• _Recorded information_
▼

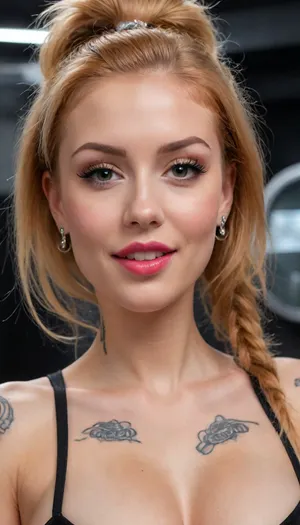 (bimbo slut:1.6), (spacecraft large control large room:1.4), (POV slightly view:1.3), (narrow innocent looking face:1.2), intense eye makeup, black eyeshadow, fake eyelashes, heavily lined eyes, thick eyeliner, red lipstick, high ponytail hair, (light very white high-tech sci-fi bdsm machine behind:1.2), (white machine up to height of breast:1.2), (young beautiful petite woman:1.2), (girl is stuck leaning forward up in a small horizontal hole with bdsm light machine behind:1.2), (lower body hidden to breasts into horizontal big machine behind:1.2), (lever rod fixed to back of head from behind:1.2), (arms behind in machine:1.2), (stuck from small horizontal rim machine behind:1.2), (Mouth stick bar:1.2), (very close mouth:1.2), (model cutie:1.8), (perfect:1.2), (slender fit skinny:1.2), (small thin waist:1.3), (tattooed wide shoulders:1.4), (she looking up:1.3), (perfect lips), (cum on face:1.3), (glowing light white massive very oversized electronic collar device around very short throat:1.2), (orange smooth silky long hair:1.2), (very large distance between rounded large spherical breasts:1.2), (tan fair very oiled skin:1.2), (very beautiful perfect face:1.2), thin beautiful eyebrows, (very gorgeous:1.2), (sexy:1.4), (nipple ring piercings:1.4), (satisfied:1.2), (tattoo:1.3), (seductive sexy makeup:1.2), (long black eyelashes:1.4), lipstick, (stunning:1.3), (dimples on cheeks:1.4), (portholes:1.1), (masterpiece:1.1), <lora:skinny11:.5>, <lora:Microwaist_XL_v01:.5>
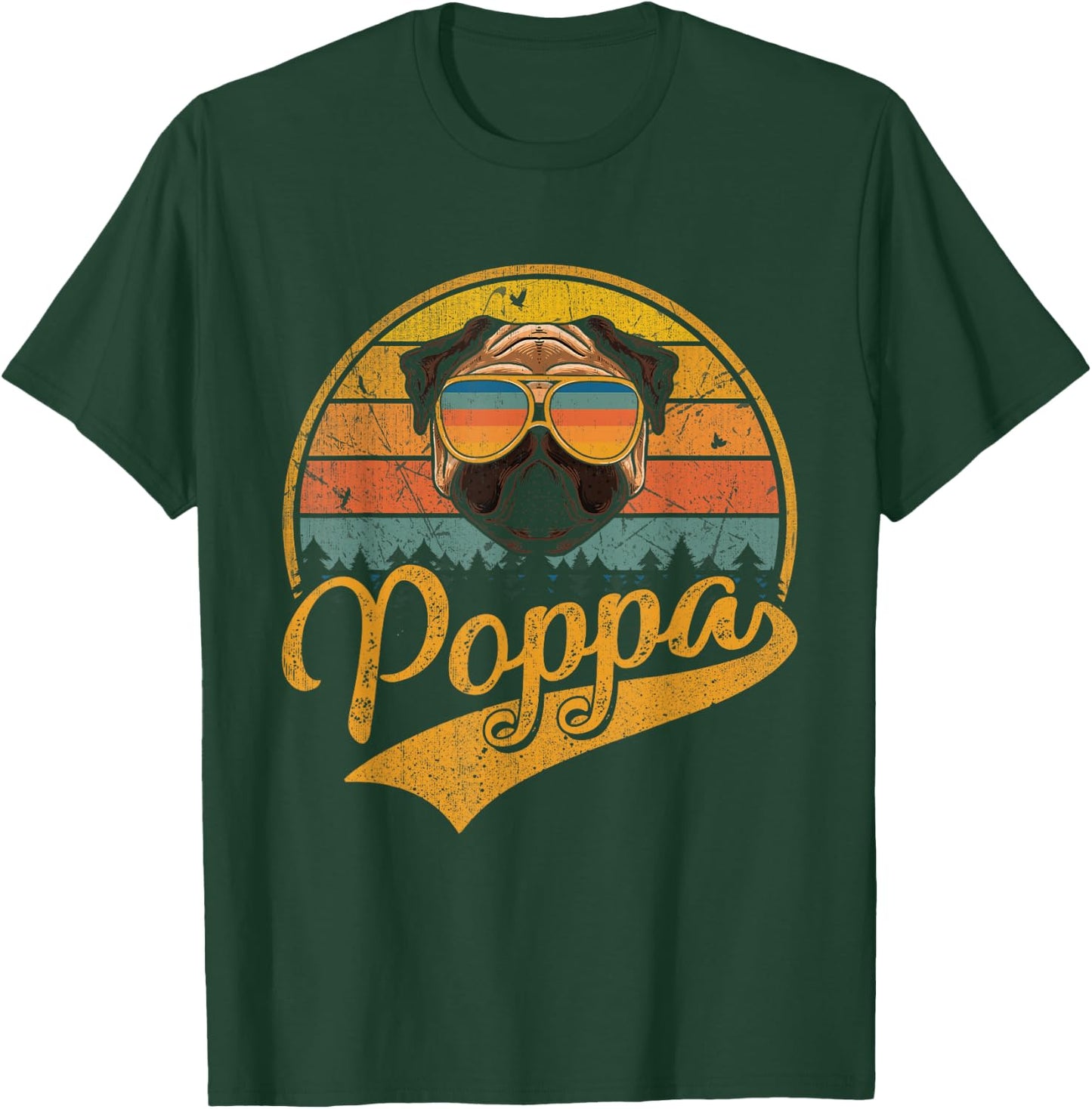 Cool Father's Day Gifts Retro Vintage Pug Poppa T-Shirt - T-Shirt | Forest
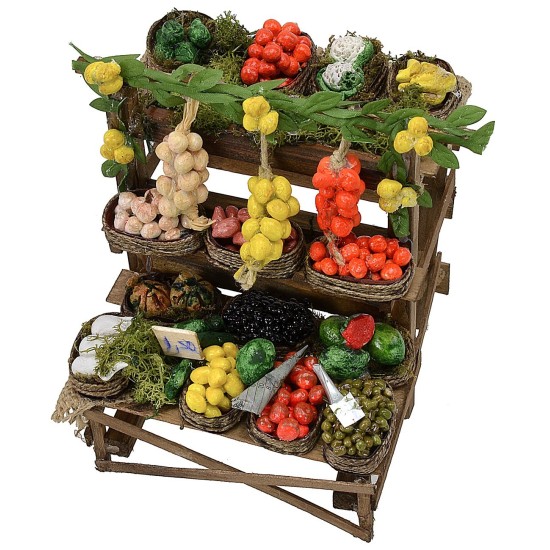 Bancarella per presepe con frutta e verdura Mondo Presepi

▲

Everything from the line holding "Cool Father's Day" through the last line of the listing should be written out exactly, except for the pictures.

 Cool Father's Day Gifts Retro Vintage Pug Poppa T-Shirt - T-Shirt | Forest
 Bancarella per presepe con frutta e verdura Mondo Presepi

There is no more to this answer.